In his remarks, Commissioner of Police (Director of Finance and Administration) Innocent Bottomani described the technology as a milestone in policing and justice administration as it is the first time the MPS has taken such an initiative.

“Time has come for Malawi to start using DNA to support investigations as many countries within the region and beyond are using it to solve crime thereby increasing access to justice to all people, more especially the vulnerable groups such as girls, women, children and people living with albinism,” Bottomani said.

He said all along, the need to use DNA in crime investigations has been there, but the police lacked individual and institutional capacities to embrace the technology.

Bottomani confessed that there have been instances when the MPS could have done better had it been that officers had knowledge and skills to collect, preserve and submit DNA samples for analysis, but could not do so because of lack of technical knowledge and skill.

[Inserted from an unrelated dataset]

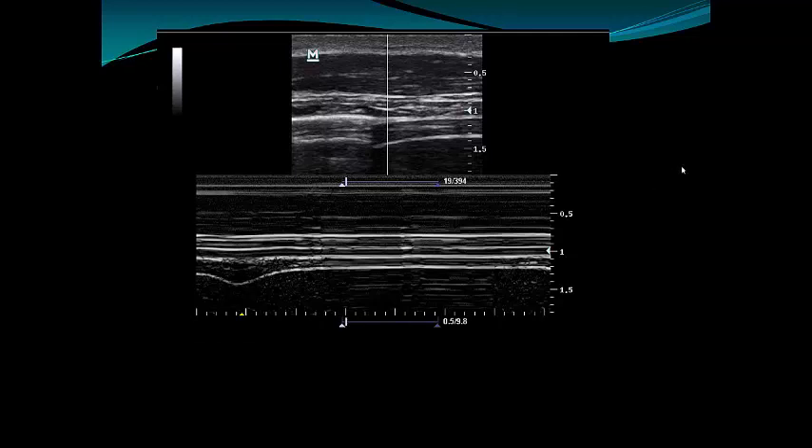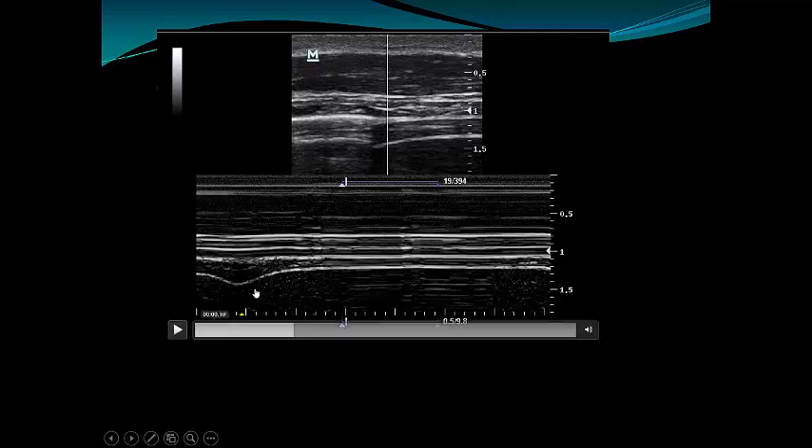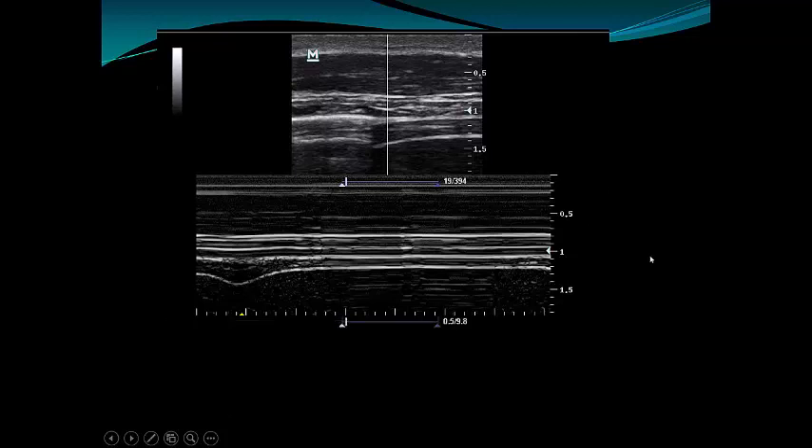To determine the thickening fraction, I measure: maximum diameter at inspiration minus minimum diameter at exhalation, divided by minimum diameter, multiplied by 100. If this ratio is more than 30 to 36 percent, that's great news — your patient can be weaned. But if the ratio is less than 30 percent, that's very bad news: with very high sensitivity and specificity, your patient will fail weaning. I hope that's clear. Thank you for watching, see you in another video — bye-bye.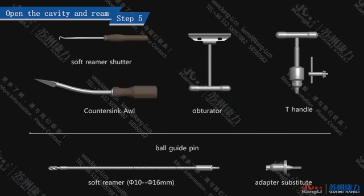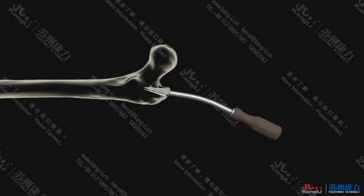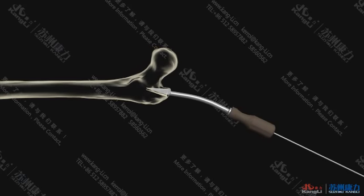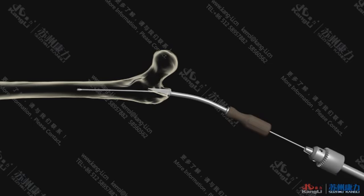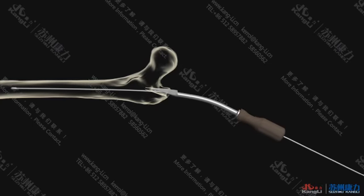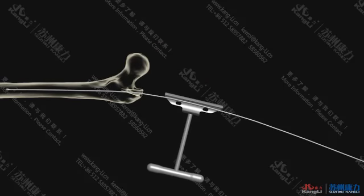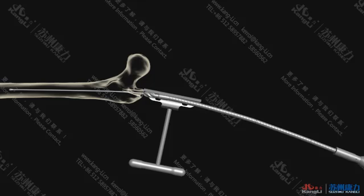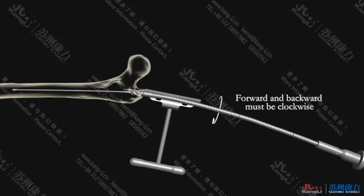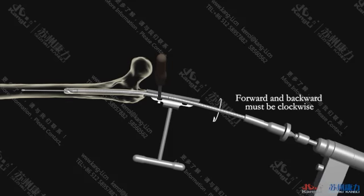Step 5: Open the cavity and ream. Open the bone marrow cavity along the pin entrance point with appropriate strength using a countersink awl. Insert the ball guide pin along the bottom of the countersink awl until the ball reaches the expected depth. Remove all other devices except for the ball guide pin. Insert the reamer — insert the softer reamer along the ball guide pin to ream. Reaming starts at 9 mm and increases gradually. After reaming starts, place the softer reamer shutter.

“By nature, DNA has been used in solving serious crimes such as murder, defilement, rape, molestation, grievous harm and other cases of public interest such as paternity test. In many cases, these crimes affect vulnerable groups, particularly women, children and persons with albinism,” Bottomani said.

European Union Head of Political Section, Fabrice Basile, said under the newly approved Chilungamo Programme, they are supporting the police in various ways.

“Furthermore, we will continue to build the capacity of criminal investigators and prosecutors who prosecute approximately 90 percent of the criminal cases in Malawi,” he said.

The EU funded training, which is taking place at LUANAR Bunda Campus and facilitated by biotechnology experts with PhDs at LUANAR , is expected to provide the theoretical aspects of DNA as well as practical aspects of the procedures involved in the process of collecting DNA evidence from the scene of crime to the laboratory.